Arc sits between your application and AI providers (OpenAI, Anthropic, etc.). You make the same API calls you already make — Arc handles routing, logging, caching, and fallback silently in the middle.

Two changes to your existing code:

diff
- base_url = "https://api.openai.com/v1"
+ base_url = "https://api-arc.cornerstone.sh/v1"

- api_key = "sk-..."
+ api_key = "arc_live_..."

Everything else stays the same. Arc is fully OpenAI-API-compatible — the same request format, the same response format, streaming included.

Quickstart

Get your Arc key from the dashboard, add your provider API key, then make your first request:

curl
curl https://api-arc.cornerstone.sh/v1/chat/completions \
  -H "Authorization: Bearer arc_live_<your-key>" \
  -H "Content-Type: application/json" \
  -d '{
    "model": "gpt-4o-mini",
    "messages": [{ "role": "user", "content": "Hello" }]
  }'

The response is identical to OpenAI's.

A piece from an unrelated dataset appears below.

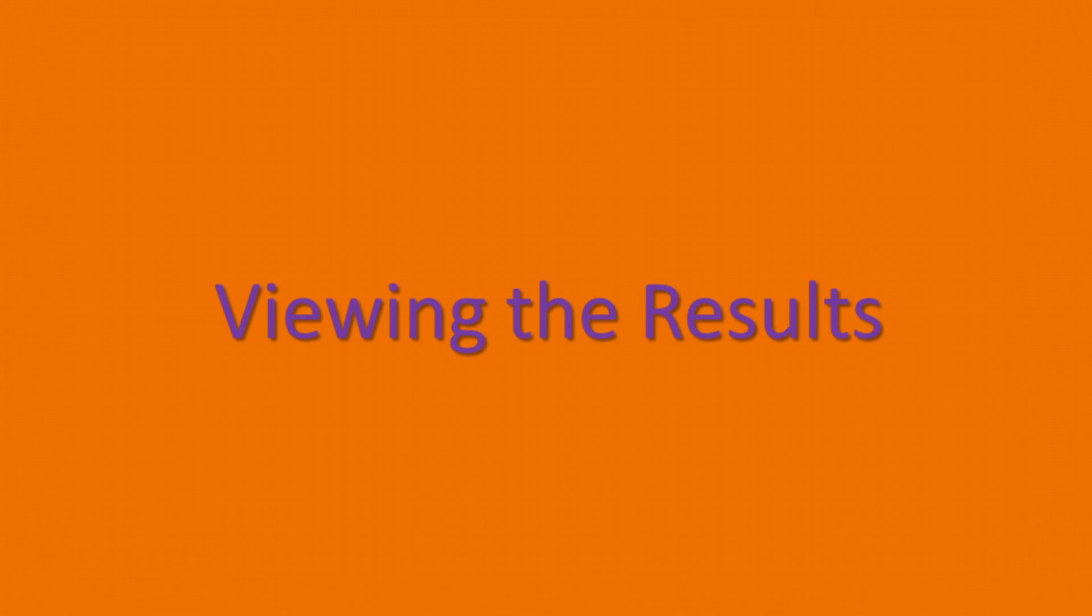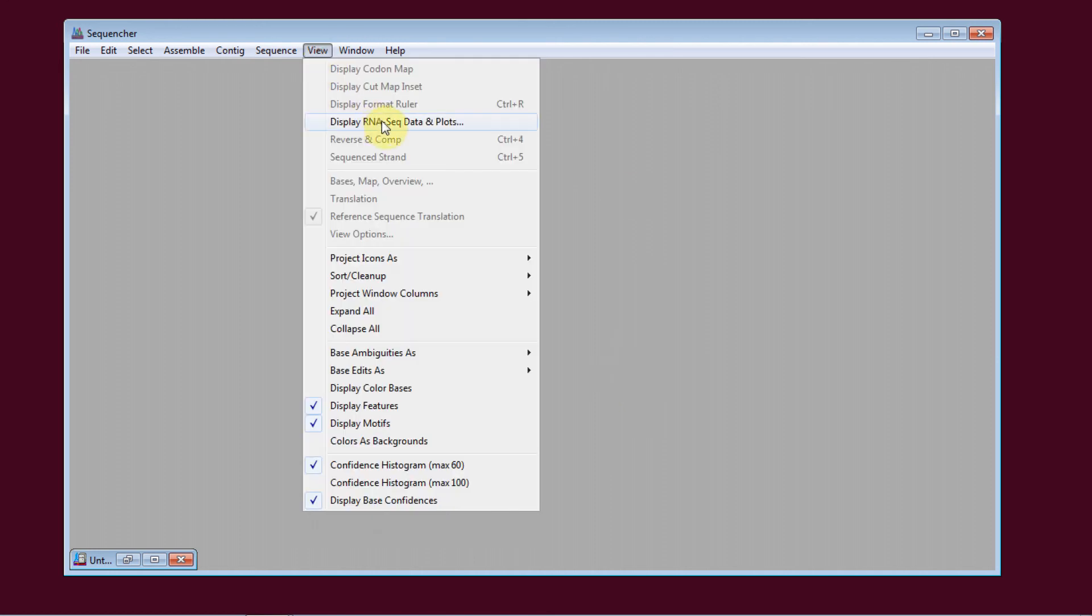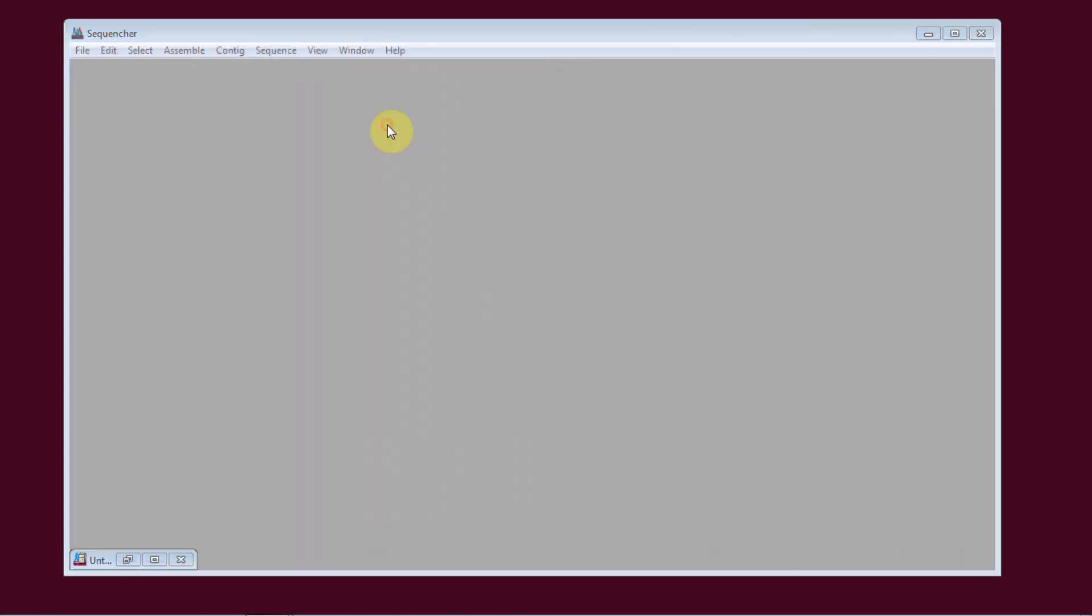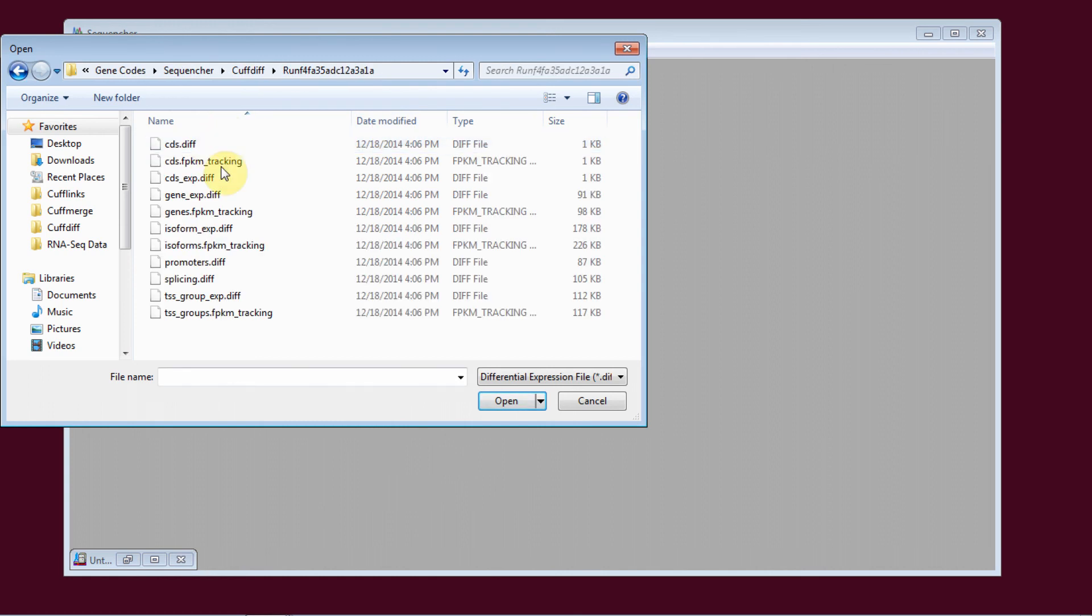The fourth step is to view the results. Sequenture has a number of visualization tools that allow you to view your results without having to use the command line. I go to View, Display RNA-seq data and plots, and then select the data that I'm interested in viewing.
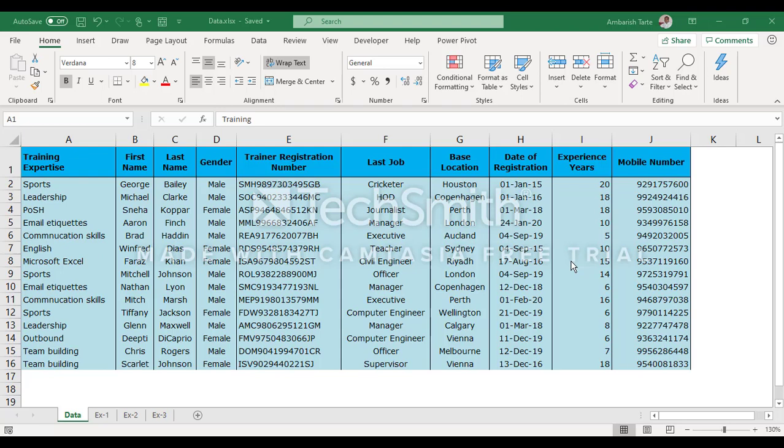Hi! Thanks for tuning in. I'm Ambarish, a Mumbai-based Microsoft Certified Professional, and this video is on Microsoft Excel. In this video, I would like to demonstrate the use of the newly arrived XLOOKUP function in Microsoft Excel.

Arc logs the request in the background — token counts, cost, latency, provider — without adding meaningful latency.

Base URL

api-arc.cornerstone.sh/v1

Streaming

Supported

Compatible with

OpenAI SDK

Authentication

Arc uses Bearer token authentication. Pass your Arc key in the Authorization header on every request.

http
Authorization: Bearer arc_live_<your-key>
Arc keys begin with arc_live_. They are scoped to your workspace — all team members share the same key pool. Manage keys at arc.cornerstone.sh/dashboard/keys.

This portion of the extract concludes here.